- Low Hill Location within the West Midlands
- Population: 2,888 (2001 Census - Low Hill Priority Neighbourhood)
- Metropolitan borough: Wolverhampton;
- Metropolitan county: West Midlands;
- Region: West Midlands;
- Country: England
- Sovereign state: United Kingdom
- Post town: WOLVERHAMPTON
- Postcode district: WV10
- Dialling code: 01902
- Police: West Midlands
- Fire: West Midlands
- Ambulance: West Midlands
- UK Parliament: Wolverhampton North East;

= Low Hill =

Low Hill is in Wolverhampton, West Midlands, England. It is north-east of Wolverhampton city centre, within the Bushbury South and Low Hill ward.

== Place name & history ==
The place name, Low Hill comes from Old English 'hlæw', meaning tumulus or mound - often those used for burial, with hill added at a later date. The antiquary, John Huntbach, noted that the Battle of Tettenhall/Wednesfield was likely fought in the vicinity of Low Hill, quoting the names of several lows in the vicinity - the North Lowe, the South Lowe, Horslowe (in the area of Horseley Fields - where the name comes from), Little Lowe, Tromelow (the more recent local name 'Rumbelows' comes from this), and so on.

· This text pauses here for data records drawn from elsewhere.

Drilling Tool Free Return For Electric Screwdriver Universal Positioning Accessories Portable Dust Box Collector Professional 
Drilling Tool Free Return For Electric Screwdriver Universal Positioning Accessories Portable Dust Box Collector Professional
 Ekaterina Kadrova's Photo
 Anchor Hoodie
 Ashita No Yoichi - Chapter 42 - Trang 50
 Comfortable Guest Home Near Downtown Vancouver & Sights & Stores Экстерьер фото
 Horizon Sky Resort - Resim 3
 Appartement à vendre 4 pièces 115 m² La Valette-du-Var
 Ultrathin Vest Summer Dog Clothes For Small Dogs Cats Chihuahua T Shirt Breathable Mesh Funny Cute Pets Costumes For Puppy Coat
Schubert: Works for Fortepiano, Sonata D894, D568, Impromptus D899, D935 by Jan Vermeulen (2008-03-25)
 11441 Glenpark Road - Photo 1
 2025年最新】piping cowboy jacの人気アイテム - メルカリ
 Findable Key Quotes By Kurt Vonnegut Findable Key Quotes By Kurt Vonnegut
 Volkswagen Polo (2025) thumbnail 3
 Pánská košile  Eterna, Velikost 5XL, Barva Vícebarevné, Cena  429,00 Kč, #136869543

The land was purchased by Wolverhampton Council for housing development in 1924 to enable the construction of new homes to let to families being rehoused from town centre slums. More than 2,000 houses were built at Low Hill between 1925 and 1929, making it one of the largest housing estates in the country at the time, and by far the largest in Wolverhampton.

Prior to the 1920s, the area was rural, with scattered farms and houses such as Showell Farm, Low Hill House, Old Fallings Farm and Old Fallings Hall connected by a series of ancient bridleways. When the new estate was built, a new road layout obliterated the old routes and changed the landscape.

The estate was conveniently located for people working in the local manufacturing industry, particularly the Guy Motors bus factory in Park Lane and the Goodyear plant in Stafford Road. As late as 1971, unemployment in Low Hill was a mere 4%, although there was concern among local residents about the deteriorating condition of housing on the estate, largely blamed on the council's alleged failure to maintain the properties to an adequate level.

Low Hill was a popular destination for Wolverhampton's Commonwealth immigrant population, with more than 200 such families living there by the 1970s. However, these immigrants were not well received by the pre-existing community, and the Borough Council enforced an unwritten rule which segregated the West Indians inhabitants from the White ones in different parts of the estate - this was still visible into the 1990s.

However, the recession of the mid-1970s saw unemployment on the estate rise, and unemployment rose again in the early 1980s as a result of another recession. The closure of the Guy Motors factory in 1982 was easily the biggest blow to hit the workforce of Low Hill. By this stage, local crime rates were rising and Low Hill was widely regarded as one of the worst districts of Wolverhampton.

Further local factory closures in the early 2000s saw unemployment on the estate reach around 15%, at a time when the national unemployment rate was around 5%, one major blow at this time being the downsizing of the Goodyear factory. The recession of 2008 and 2009 saw unemployment rise even higher.

== Today ==
The centre of Low Hill is situated around Showell Circus. The Bushbury Arms public house was built during the 1930s and closed in 2013, but the building was retained and incorporated into a new housing development in 2015. Showell Circus is the first traffic island in the United Kingdom to be awarded Village green status.

The western part of Low Hill is currently being redeveloped. In the late 2000s, over 90 houses around Fifth Avenue were demolished and a police base, NHS walk-in centre and multi-sport ball court were built in their place along with a new upmarket housing development, which extends also into ground vacant from the demolition of a disused factory. Low Hill is also within walking distance of the Wolverhampton Science Park, created in the late 1990s on the site of Wolverhampton Gas Works and Gorsebrook House.

In 2010, 50 new affordable 'eco' homes were built at Showell Park.

Low Hill is well known locally for the extravagant Christmas decorations, which can be seen on many houses in the area in the run up to Christmas every year.

Low Hill is often in the news for crime and youth gangs. It also has a high level of unemployment. In 2006 there was a Local Neighbourhood Partnership (LNP) covering Low Hill and neighbouring estates like the Scotlands to tackle the area's many problems and bring the community together more. The LNP closed down in 2016.